### Directions
Take the lines from the one containing "Young asian woman" through the end of the material and write them out exactly, omitting pictures.

### Provided data
((
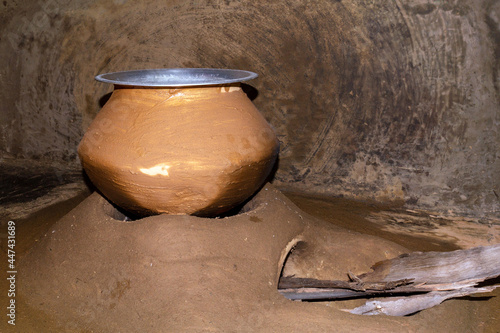 Cooking pot on a wood fired clay oven at rural village In India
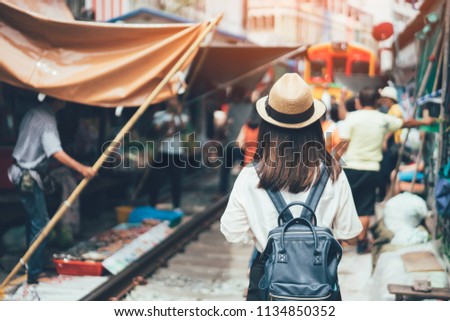 Young asian woman traveler visiting in Maeklong railway market is the most famous traditional traditional market unseen in Thailand at Maeklong district in Samut Songkhram near Bangkok Thailand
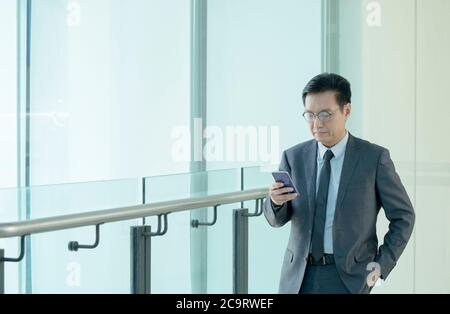 Chinesischer Geschäftsmann in Anzug und Krawatte, mit seinem Handy. Stockfoto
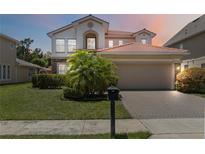 Charming two-story home boasts a red tile roof, neutral stucco exterior, and a well-manicured front yard at 530 Harriswood Ct, Davenport, FL 33837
))
### Response area
 Young asian woman traveler visiting in Maeklong railway market is the most famous traditional traditional market unseen in Thailand at Maeklong district in Samut Songkhram near Bangkok Thailand
 Chinesischer Geschäftsmann in Anzug und Krawatte, mit seinem Handy. Stockfoto
 Charming two-story home boasts a red tile roof, neutral stucco exterior, and a well-manicured front yard at 530 Harriswood Ct, Davenport, FL 33837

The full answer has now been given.